Researcher says vulnerability in smartwatches may leak your data to hackers even as you are typing
According to security researchers including one of Indian-origin, have warned that smartwatches are as vulnerable to hackers as any other gadget. This means that you are at an increased risk of losing your privacy as like other computer devices, as while wearing a smartwatch, motion sensors on the watch could leak information about what you are typing.
Researchers say smartwatches are susceptible to hackers, who used a homegrown app on a Samsung Gear Live smartwatch that looks at the data coming from the motion sensors, tracking the micromotions of keystrokes. They found that using a “Keystroke Detection” module it’s possible to take a guess at what word is being typed from the movements of the left wrist.

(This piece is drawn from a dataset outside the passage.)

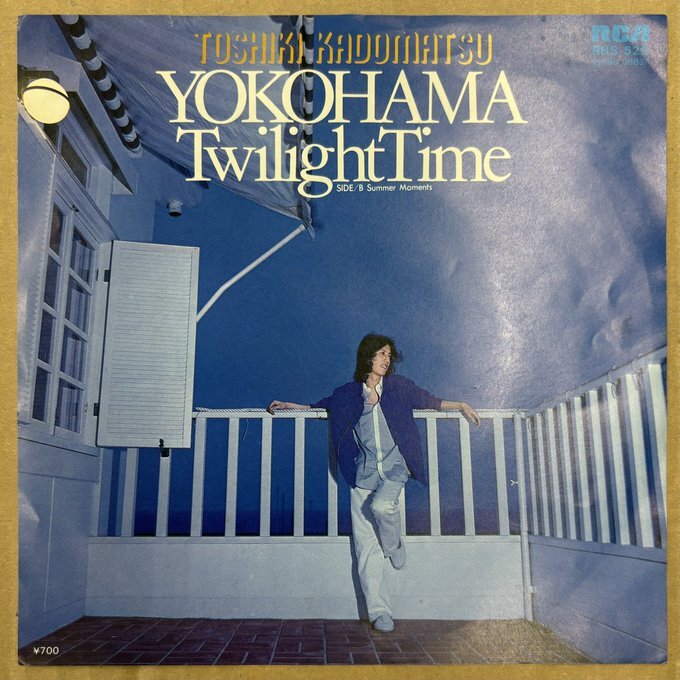 【EP】 角松敏生「YOKOHAMA Twilight Time」 見本盤 Yahoo!オークション -「yokohama twilight time」(レコード) の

“Sensor data from wearable devices will clearly be a double-edged sword,” said Romit Roy Choudhury, associate professor of electrical and computer engineering at Illinois.

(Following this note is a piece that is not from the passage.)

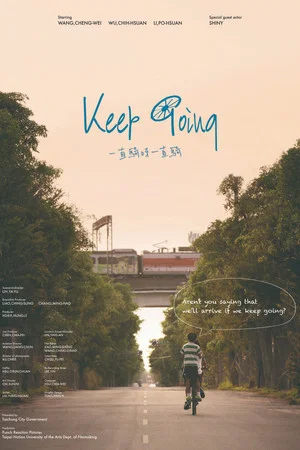 Постер: Keep Going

“While the device’s contact to the human body will offer invaluable insights into human health and context, it will also make way for deeper violation into human privacy… The core challenge is in characterising what can or cannot be inferred from sensor data and the MoLe project is one example along this direction,” he said.
His project called Motion Leaks through Smartwatch Sensors (MoLe) has privacy implications. For instance, an app that is disguised as a pedometer could collect data from emails, search queries and other confidential documents, said researchers at the University of Illinois at Urbana-Champaign.
“The core challenge is in characterizing what can or cannot be inferred from sensor data and the MoLe project is one example along this direction,” Choudhary added. This project used a Samsung watch. However, the researchers are of the opinion that any wearable device that uses motion sensors – from Apple Watch to Fitbit – could be susceptible as well.
To track the micro-motion of keystrokes, the app uses an accelerometer and gyroscope to detect what a wearer types on a keyboard. Once the sensor data was collected, the researchers ran it through a “Keystroke Detection” module, which examined the timing of each keystroke and the net 2D displacement of the watch. For example, the left wrist moves farther to type a “T” than an “F.”
While Illinois researchers developed MoLe, it is imaginable that hackers could construct a similar app and put it into iTunes and other libraries. “Here are a lot of good things that smart watches can bring to our lives, but there could be bad things,” noted He Wang, PhD student in electrical and computer engineering at Illinois.
A potential solution to motion leaks would be to reduce the sample rate of the sensors in the watch, says He Wang. For instance, the sample rate is normally around 200 Hertz, which means that the system logs 200 accelerometer and gyroscope readings per second. However, the users’ wrist movements become very hard to track, if that number is reduced to below 15.
The research team still has a long way to go in refining the data-collection process. For example, special characters such as numbers, punctuation and symbols that may appear in passwords cannot be identified by their current system. The “space” bar or key also poses a hindrance. Additionally, the researchers can only gather data from people who have standard typing patterns and from the hand wearing the watch. The team has plans to develop more models to account for typing differences in the future.
The work, funded by the US National Science Foundation, will be presented at the MobiCom 2015 conference in Paris this week.